That piece is by J. Niimi, and I completely disagree with you about it---it’s one of the funniest things I’ve read about music this year anywhere. The excerpt you cite makes perfect sense---the first sentence makes fun of the band’s implicit playing-dumb hipsterdom, and “a headache in reverse” describes a particular kind of small-town malaise excellently. And no, a review should not AT LEAST do anything but succeed in what it sets out to do. J.’s review set out to describe the atmosphere generated by the record in question, and he does it admirably. As far as the whole “freelancers aren’t writing for readers” argument, it’s almost always code for “I need a letter grade or a star system,” even (especially) when people take pains to state otherwise.

Friday, May 21, 2004

More questions, more answers:

Julianne Shepherd:

I can't think of a single instance I've liked an envelope filter, or a flange, in music recently (at least when they were employed obviously enough for me to identify). Can you give some examples of envelopes/flangers you like, and what you like about them?

Kylie Minogue’s “Love at First Sight,” which the filter makes. It’s right on the intro, on the bassline, and then applied sparingly to the lead guitar line, which is basically nicked from Stardust’s “Music Sounds Better with You”; it gives the whole thing a starry, floating feel--it’s there to tell us we’re in fantasyland now. Then the second verse is filtered to fuck, dublike (it all submerges into the middle), and when Kylie reappears over it, the contrast between her clear-as-day vocal and the kindly-black-hole whoosh going on behind it is fucking delicious.
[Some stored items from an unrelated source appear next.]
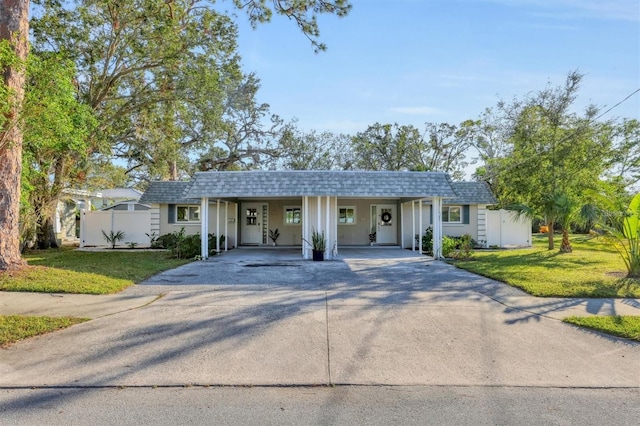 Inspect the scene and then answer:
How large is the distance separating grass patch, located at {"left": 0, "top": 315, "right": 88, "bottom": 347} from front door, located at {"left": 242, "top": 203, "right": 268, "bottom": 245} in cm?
1433

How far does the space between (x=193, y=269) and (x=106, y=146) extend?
29.5ft

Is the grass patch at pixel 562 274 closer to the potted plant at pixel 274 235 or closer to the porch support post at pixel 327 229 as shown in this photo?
the porch support post at pixel 327 229

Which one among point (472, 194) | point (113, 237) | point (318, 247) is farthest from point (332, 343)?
point (113, 237)

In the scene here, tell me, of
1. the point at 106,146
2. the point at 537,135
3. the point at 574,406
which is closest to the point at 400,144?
the point at 537,135

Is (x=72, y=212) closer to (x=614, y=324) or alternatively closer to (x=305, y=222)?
(x=305, y=222)

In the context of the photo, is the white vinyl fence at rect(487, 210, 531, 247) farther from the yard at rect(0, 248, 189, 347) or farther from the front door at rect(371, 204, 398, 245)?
the yard at rect(0, 248, 189, 347)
Armand Van Helden’s “Flowerz,” maybe my favorite house record ever; the climax occurs over a filtered-and-flanged version of the track, when Roland Clark starts doing the spoken-word bit and the background flattens out only to spring back louder than ever (I’m convinced AVH boosted the EQ a dB or two to achieve the effect) after an a cappella pause. Go Home Productions, “Rock with Addiction (Awww)”: mash-up producers use filters all the time to effect transitions or cover up bad cuts, and when he swamps the backing track (by Jane’s Addiction) under the second verse and Ashanti just shouts over it (slightly echoed), it’s testifyin’.

When I read this question to Rod Smith over the phone just now, by the way, he coined the term “filter fairy.” He’s one, too.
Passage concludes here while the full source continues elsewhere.